Warnock will give Cornell’s Small-Thomas Lecture on the legacies of King Jr. and Coretta Scott King and the continuing role of the black church in social justice movements. The event, at 11 a.m. in Hedges Conference Room of The Commons, is free and open to the public.
Licensed and ordained at the historic Sixth Avenue Baptist Church of Birmingham, Ala., Warnock first served the Abyssinian Baptist Church in New York City and Baltimore’s Douglas Memorial Community Church. .
As a student at Morehouse College, he organized and served as the keynote speaker at a peace vigil protesting the first war against Iraq. During the 1992 Democratic Convention, he coordinated an alternative “People’s Convention” in memory of Fannie Lou Hamer, the Mississippi sharecropper who told the nation in 1968 she was “sick and tired of being sick and tired.”

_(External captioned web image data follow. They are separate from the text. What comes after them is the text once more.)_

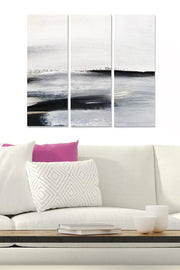 Conjunto de Quadros Decorativos em MDF 3 mm (3 Peças) Multicolor – 70x50 cm (20x50 cm cada)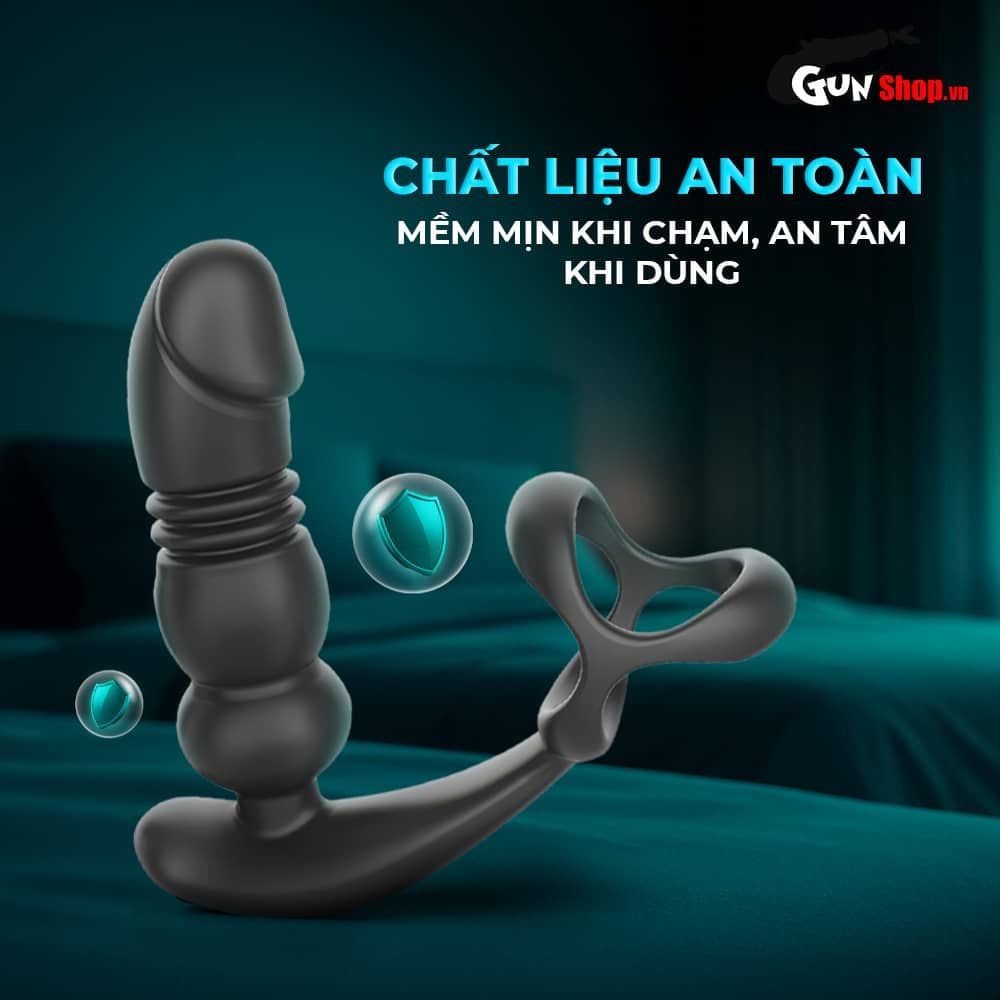 Que Rung Hậu Môn Shelly Play Willow Chất Lượng Đỉnh Cao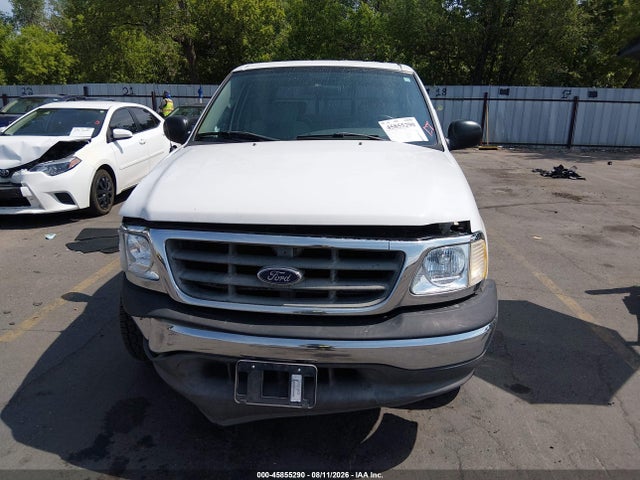Aukcja sprzedaży 2003 Ford F-150 Lariat/xlt, vin: 1FTRW07L13KC46036, numer aukcji: 45855290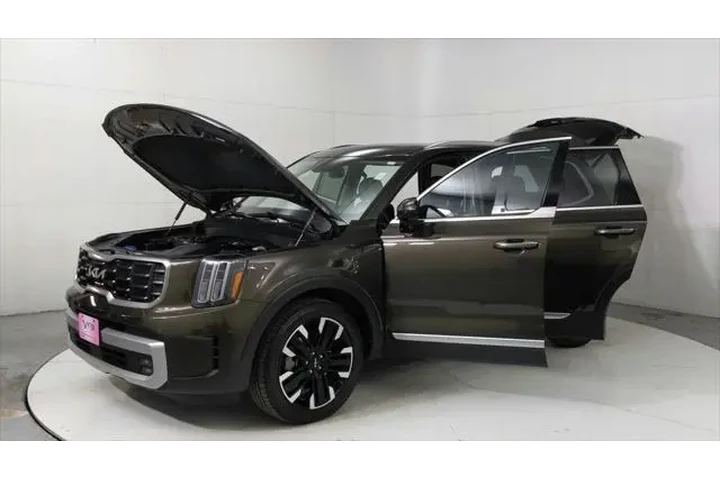 $35465 : Kia Telluride 2024 SX 4dr SU image 9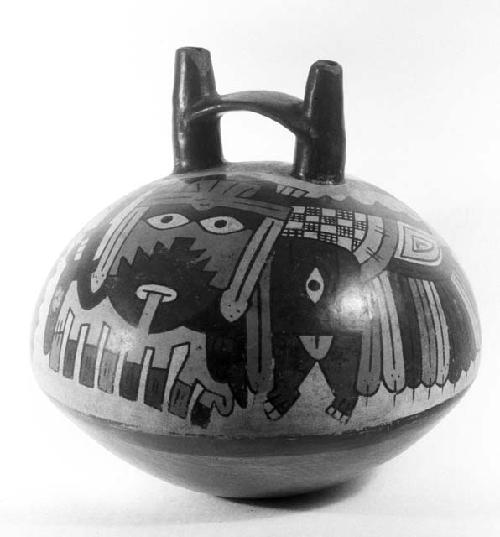 Nasca water bottle
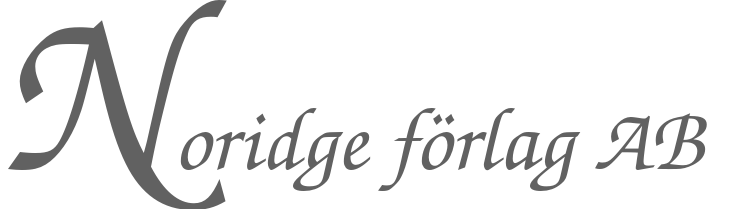 Noridge Förlag AB logotyp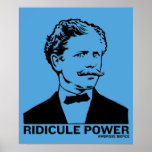 Ambrose Bierce-Plakat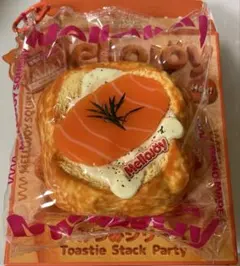Mellojoy メロジョイ トースト つみつみシリーズ ごろごろサーモン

His writing and research interests include the activist ministries of the 20th-century martyrs Martin Luther King Jr. and Dietrich Bonhoeffer.
Warnock is sought after as a preacher and a scholar. Among his numerous awards are the1993 Union Theological Seminary’s William H. Hudnut Preaching Award. He is a member of the American Academy of Religion, Alpha Phi Alpha fraternity, and various other civic and social organizations. The Small-Thomas Lecture Series, which began in 2000, is funded by Richard Small, a past chair of the Cornell Board of Trustees and a 1950 graduate, and his wife, honorary alumna and trustee Norma Thomas Small. Previous speakers have included Sean Farren, a key negotiator in efforts to bring peace to Northern Ireland, Edwina Gately, a Catholic laywoman from England who founded a haven for prostitutes in Chicago, and U.S. Rep. Jesse Jackson Jr., D-Ill.